__DIRECTIONS FOR THIS TASK__. Within the records below is a range that opens at the line with "Artificial intelligence looking" and closes at the line with "Premium Vector Chinese". Return that range word for word, both ends included, and only that range.

__DATA EXCERPTS__.

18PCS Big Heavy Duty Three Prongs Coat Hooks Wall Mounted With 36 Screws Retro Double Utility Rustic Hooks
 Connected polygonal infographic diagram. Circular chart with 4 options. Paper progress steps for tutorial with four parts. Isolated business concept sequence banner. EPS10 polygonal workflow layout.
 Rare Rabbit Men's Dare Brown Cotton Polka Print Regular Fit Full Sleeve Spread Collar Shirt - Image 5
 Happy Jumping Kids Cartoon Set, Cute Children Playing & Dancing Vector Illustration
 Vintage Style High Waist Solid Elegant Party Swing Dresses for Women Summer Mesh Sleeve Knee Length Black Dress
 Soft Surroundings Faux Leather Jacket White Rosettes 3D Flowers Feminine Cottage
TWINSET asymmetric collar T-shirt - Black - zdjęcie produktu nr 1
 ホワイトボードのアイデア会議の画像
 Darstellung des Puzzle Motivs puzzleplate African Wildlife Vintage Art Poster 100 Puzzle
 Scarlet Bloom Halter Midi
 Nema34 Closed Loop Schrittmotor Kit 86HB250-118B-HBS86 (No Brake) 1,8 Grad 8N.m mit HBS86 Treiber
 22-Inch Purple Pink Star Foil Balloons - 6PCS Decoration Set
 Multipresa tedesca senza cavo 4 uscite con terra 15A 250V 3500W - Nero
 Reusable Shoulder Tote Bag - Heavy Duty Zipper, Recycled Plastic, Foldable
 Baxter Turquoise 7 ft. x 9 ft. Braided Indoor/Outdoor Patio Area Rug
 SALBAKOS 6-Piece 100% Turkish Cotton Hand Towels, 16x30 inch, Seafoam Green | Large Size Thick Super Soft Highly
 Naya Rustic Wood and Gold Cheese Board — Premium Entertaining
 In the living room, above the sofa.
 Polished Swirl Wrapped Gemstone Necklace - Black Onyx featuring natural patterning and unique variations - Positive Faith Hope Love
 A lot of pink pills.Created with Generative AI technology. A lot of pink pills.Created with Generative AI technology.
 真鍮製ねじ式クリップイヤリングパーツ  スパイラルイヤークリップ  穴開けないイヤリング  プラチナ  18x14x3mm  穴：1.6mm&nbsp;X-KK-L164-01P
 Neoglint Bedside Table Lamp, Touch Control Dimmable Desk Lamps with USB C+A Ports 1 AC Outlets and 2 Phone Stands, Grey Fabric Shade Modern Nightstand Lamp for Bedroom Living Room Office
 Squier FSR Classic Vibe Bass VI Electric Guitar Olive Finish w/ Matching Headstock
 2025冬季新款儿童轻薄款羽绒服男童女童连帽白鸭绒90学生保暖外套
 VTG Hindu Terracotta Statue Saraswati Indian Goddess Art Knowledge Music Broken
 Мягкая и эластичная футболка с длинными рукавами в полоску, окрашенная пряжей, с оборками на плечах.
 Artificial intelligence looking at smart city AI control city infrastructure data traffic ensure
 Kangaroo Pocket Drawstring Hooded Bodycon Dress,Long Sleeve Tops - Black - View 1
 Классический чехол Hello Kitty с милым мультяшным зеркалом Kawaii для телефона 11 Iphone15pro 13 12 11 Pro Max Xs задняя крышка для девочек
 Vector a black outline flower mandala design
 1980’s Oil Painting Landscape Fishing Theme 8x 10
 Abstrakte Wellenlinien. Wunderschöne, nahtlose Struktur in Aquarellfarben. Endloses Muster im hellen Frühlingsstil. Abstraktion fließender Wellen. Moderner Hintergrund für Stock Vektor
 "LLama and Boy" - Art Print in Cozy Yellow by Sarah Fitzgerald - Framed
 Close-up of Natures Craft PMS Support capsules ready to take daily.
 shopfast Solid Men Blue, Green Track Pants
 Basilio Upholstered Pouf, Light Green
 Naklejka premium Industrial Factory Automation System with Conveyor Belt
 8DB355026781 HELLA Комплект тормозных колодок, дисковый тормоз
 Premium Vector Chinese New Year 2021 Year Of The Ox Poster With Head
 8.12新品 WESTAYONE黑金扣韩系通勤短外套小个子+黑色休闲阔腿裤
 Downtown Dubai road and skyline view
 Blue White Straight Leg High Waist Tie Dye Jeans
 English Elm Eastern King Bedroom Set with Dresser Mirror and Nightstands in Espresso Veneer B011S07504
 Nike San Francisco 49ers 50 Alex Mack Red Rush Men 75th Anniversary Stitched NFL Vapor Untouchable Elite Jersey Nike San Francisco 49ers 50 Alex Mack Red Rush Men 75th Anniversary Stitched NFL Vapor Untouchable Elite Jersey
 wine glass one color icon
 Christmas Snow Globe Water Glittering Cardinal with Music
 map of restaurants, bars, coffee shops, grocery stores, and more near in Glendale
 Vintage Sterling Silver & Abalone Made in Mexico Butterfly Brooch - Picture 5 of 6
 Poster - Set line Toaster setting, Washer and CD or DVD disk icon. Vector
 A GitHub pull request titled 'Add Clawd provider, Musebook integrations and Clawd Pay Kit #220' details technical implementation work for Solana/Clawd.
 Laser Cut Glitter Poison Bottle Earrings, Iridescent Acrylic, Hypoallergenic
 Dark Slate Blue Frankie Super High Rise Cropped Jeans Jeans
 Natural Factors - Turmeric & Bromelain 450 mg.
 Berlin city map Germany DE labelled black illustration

__EXERCISE RESPONSE__.
 Artificial intelligence looking at smart city AI control city infrastructure data traffic ensure
 Kangaroo Pocket Drawstring Hooded Bodycon Dress,Long Sleeve Tops - Black - View 1
 Классический чехол Hello Kitty с милым мультяшным зеркалом Kawaii для телефона 11 Iphone15pro 13 12 11 Pro Max Xs задняя крышка для девочек
 Vector a black outline flower mandala design
 1980’s Oil Painting Landscape Fishing Theme 8x 10
 Abstrakte Wellenlinien. Wunderschöne, nahtlose Struktur in Aquarellfarben. Endloses Muster im hellen Frühlingsstil. Abstraktion fließender Wellen. Moderner Hintergrund für Stock Vektor
 "LLama and Boy" - Art Print in Cozy Yellow by Sarah Fitzgerald - Framed
 Close-up of Natures Craft PMS Support capsules ready to take daily.
 shopfast Solid Men Blue, Green Track Pants
 Basilio Upholstered Pouf, Light Green
 Naklejka premium Industrial Factory Automation System with Conveyor Belt
 8DB355026781 HELLA Комплект тормозных колодок, дисковый тормоз
 Premium Vector Chinese New Year 2021 Year Of The Ox Poster With Head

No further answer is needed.